Alloys such as a calcium-based lead alloy or an antimony-based lead alloy are conventionally used for grids of lead-acid batteries. When antimony is present at the surface of a positive grid, an active material is firmly adhered to the grid, thereby preventing the capacity from decreasing when deep charge and discharge are repeated. For this reason, in the case of using a calcium-based lead alloy, a lead alloy containing antimony is attached to the alloy surface, or an antimony compound is dissolved in an electrolyte, in the formation of a lead-acid battery.

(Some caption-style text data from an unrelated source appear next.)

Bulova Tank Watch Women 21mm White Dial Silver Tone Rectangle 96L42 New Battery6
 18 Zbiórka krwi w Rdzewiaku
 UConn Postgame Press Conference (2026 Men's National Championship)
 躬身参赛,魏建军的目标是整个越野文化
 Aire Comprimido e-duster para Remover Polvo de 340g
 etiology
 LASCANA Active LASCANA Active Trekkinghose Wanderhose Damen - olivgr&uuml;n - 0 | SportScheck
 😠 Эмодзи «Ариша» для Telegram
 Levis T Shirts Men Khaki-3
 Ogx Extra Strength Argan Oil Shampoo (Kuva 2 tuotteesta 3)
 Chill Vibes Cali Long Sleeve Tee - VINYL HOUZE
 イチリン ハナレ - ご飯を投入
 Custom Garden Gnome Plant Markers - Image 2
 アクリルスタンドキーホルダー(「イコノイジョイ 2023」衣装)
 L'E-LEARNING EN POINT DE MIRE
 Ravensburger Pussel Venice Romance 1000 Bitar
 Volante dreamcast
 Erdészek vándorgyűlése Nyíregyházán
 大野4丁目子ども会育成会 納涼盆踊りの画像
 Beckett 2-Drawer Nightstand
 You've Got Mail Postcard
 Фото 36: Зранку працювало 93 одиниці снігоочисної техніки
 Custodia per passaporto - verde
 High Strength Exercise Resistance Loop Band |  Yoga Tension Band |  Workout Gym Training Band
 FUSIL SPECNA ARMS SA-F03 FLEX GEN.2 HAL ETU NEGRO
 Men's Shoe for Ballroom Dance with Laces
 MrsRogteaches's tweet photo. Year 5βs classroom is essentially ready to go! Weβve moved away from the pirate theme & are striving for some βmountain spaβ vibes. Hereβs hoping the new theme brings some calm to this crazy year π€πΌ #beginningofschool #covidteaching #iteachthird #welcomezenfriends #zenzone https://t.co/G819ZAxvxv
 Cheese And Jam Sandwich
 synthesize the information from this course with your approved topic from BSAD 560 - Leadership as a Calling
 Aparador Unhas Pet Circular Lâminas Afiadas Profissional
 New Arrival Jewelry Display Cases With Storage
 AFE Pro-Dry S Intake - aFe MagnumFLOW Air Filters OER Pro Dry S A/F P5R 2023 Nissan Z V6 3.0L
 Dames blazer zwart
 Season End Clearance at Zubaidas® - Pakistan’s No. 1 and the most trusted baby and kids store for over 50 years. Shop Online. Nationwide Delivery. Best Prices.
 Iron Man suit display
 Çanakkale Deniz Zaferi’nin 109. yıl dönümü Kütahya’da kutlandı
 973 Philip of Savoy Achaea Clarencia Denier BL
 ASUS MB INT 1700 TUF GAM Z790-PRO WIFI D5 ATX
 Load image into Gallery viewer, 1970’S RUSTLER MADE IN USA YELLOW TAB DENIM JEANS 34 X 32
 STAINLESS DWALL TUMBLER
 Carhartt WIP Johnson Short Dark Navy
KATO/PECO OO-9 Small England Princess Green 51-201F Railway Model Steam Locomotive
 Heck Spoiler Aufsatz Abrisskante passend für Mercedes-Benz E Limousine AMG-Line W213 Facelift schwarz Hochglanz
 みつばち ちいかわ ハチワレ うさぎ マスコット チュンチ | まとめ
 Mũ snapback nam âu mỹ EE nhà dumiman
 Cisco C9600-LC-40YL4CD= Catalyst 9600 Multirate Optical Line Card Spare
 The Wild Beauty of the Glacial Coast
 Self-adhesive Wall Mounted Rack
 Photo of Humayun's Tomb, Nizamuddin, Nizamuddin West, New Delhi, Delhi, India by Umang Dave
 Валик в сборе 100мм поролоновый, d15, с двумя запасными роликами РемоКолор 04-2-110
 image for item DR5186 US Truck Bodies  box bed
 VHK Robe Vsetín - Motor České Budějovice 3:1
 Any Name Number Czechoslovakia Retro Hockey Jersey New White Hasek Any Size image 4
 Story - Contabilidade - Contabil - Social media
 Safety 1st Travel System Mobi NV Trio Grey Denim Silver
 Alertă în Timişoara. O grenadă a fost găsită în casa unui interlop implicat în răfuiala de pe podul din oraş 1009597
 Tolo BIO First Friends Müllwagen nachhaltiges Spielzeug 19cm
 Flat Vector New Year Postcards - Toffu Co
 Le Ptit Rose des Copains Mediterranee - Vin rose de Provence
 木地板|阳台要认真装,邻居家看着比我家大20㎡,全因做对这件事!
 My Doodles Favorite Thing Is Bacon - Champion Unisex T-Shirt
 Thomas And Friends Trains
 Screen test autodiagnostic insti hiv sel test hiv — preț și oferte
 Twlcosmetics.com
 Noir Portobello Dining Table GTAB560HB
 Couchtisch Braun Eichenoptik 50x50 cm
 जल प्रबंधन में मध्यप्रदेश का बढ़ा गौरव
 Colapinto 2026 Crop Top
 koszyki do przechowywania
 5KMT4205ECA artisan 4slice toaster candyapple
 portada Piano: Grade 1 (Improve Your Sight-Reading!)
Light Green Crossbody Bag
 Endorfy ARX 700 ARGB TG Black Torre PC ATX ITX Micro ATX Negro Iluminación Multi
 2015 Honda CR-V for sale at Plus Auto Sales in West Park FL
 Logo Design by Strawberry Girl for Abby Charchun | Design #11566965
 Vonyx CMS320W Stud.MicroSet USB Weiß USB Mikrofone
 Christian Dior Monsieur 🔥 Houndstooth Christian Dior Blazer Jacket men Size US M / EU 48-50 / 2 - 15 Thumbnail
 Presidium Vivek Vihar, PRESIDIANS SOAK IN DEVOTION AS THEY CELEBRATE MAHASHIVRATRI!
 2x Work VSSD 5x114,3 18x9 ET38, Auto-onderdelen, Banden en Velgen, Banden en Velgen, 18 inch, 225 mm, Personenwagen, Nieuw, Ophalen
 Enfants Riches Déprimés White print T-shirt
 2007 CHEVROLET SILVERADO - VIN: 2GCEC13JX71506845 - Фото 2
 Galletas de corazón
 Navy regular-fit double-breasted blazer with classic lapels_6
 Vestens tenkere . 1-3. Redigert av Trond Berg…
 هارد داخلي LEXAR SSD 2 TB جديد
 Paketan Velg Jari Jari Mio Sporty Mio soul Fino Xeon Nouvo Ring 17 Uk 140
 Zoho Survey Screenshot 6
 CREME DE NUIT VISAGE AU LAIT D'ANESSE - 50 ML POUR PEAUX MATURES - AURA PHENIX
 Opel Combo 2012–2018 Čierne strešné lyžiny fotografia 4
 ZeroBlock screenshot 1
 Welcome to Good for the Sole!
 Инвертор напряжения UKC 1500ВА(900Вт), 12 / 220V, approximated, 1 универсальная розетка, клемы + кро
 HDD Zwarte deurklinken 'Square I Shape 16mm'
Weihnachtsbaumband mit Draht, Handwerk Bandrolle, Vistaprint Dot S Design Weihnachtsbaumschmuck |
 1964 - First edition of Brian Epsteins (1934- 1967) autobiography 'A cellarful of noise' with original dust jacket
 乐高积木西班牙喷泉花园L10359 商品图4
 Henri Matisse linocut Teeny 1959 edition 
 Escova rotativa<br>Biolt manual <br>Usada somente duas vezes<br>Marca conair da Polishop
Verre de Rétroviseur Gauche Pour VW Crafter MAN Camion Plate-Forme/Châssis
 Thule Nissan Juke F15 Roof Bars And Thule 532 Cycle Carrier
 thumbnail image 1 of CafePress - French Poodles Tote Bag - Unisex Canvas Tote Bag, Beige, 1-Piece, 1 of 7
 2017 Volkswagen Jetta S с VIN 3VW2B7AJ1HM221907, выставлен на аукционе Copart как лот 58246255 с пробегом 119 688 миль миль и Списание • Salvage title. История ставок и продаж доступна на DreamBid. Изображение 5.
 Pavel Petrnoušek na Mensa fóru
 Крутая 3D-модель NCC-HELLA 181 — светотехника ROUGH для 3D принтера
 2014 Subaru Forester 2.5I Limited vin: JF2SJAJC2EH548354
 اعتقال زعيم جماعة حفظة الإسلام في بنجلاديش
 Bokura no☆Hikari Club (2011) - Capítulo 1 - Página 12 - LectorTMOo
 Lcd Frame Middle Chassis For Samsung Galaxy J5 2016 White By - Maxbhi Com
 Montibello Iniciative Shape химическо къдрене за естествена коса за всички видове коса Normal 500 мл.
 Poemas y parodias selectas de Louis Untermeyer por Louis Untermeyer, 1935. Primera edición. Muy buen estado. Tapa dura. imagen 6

If the lead-acid battery is always in a charged state, the amount of antimony in the surface of the positive electrode does not significantly affect the battery life and battery characteristics in application. However, with recent attention to techniques for reducing the amount of carbon dioxide emission, attention has been given to idle reduction operation, i.e., the operation of halting an engine while an automobile is stationary, and restarting the engine when the automobile is taken off. During the idle reduction, the engine does not operate so that a power supply from an alternator is stopped, and power to be consumed in operation of a light, a radio, and a wiper is supplied from a lead-acid battery installed in the automobile.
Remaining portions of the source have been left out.